If you are ever up our way, you may want to visit one of the Yurts of Manitoba...
posted by sporb at 12:41 PM on May 3, 2007


Mongolians call them Gers.
posted by the cuban at 12:57 PM on May 3, 2007


jefgodesky, where in Mongolia were you? Some Turkic speaking people use something like jort or jert as a word for camp. (iirc)
posted by thirteenkiller at 1:01 PM on May 3, 2007


I have to say, this was one of those specialized posts where I clicked on the "favorites" link to see who marked this as a favorite post (not that it isn't a good FPP, mind you). I was sad that they didn't include usernames like "yurtlover" or "madaboutyurts." I may have to register a new username.
posted by blahblahblah at 1:38 PM on May 3, 2007


We live or at least sleep in a yurt. The best bit is being so connected with the outdoors: the morning chorus; hearing the wind from afar; owls telling each other where their hunting-gounds are; rain on the roof. It's very cosy when our wood stove is on, tucked up in bed and not being separated from nature.
posted by anadem at 2:34 PM on May 3, 2007 [1 favorite]


I'm going out tonight with my friends who live in a yurt they built in Vermont three years ago. Their Yurtsite.
posted by alms at 2:58 PM on May 3, 2007


Does living in a yurt actually make you want to crush your enemies? See them driven before you?
Hear the lamatation of their women?


I’d go with Divine_Wino on a yurt off. Be all yurted up and yurty, n‘shit.
posted by Smedleyman at 2:59 PM on May 3, 2007


Does living in a yurt actually make you want to crush your enemies? See them driven before you?
Hear the lamatation of their women?


Actually I think it was the fermented mare's milk that made them that way.
posted by wilful at 5:41 PM on May 3, 2007


Anyway, ever since Rhino Records came out with "Woe Unto Us!
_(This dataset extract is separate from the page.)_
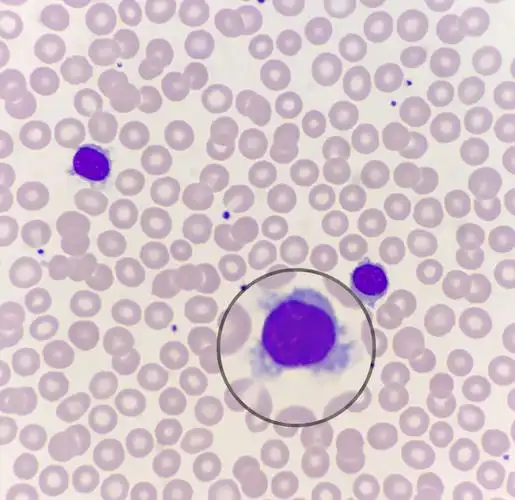 一例由外周血涂片辨识出的毛白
The Lamentations of Your Enemies' Women, 525-1987, Volume 1", the fun's kind of gone out of it.
posted by arto at 5:47 PM on May 3, 2007


Yurts are trailers for yuppies.
posted by recurve at 6:23 PM on May 3, 2007


I wish I could afford a yurt, or had the time and energy to built one as they really are the most luxurious way of camping I've come across. I love the large ones that Albion Canvas make. But they do sit there taunting me for my lack of money to buy them *sigh*.
posted by invisible_al at 7:59 AM on May 4, 2007


So, my local bar is run by two Mongolian brothers (fine gentlemen) and I asked them for a ruling on the ger/yurt issue. I was told that ger is pretty universally the modern word used across Mongolia (these lads are from the part that's currently part of China). He'd herd the word yurt but thought it was probably Turkmen, as thirteenkiller suggest above.
posted by Abiezer at 1:56 PM on May 4, 2007


Erk, forgot to say that he said that there was a much more detailed and diverse vocabulary in the past, with different names for different styles and so forth, but that modern communications had unified the nomenclature.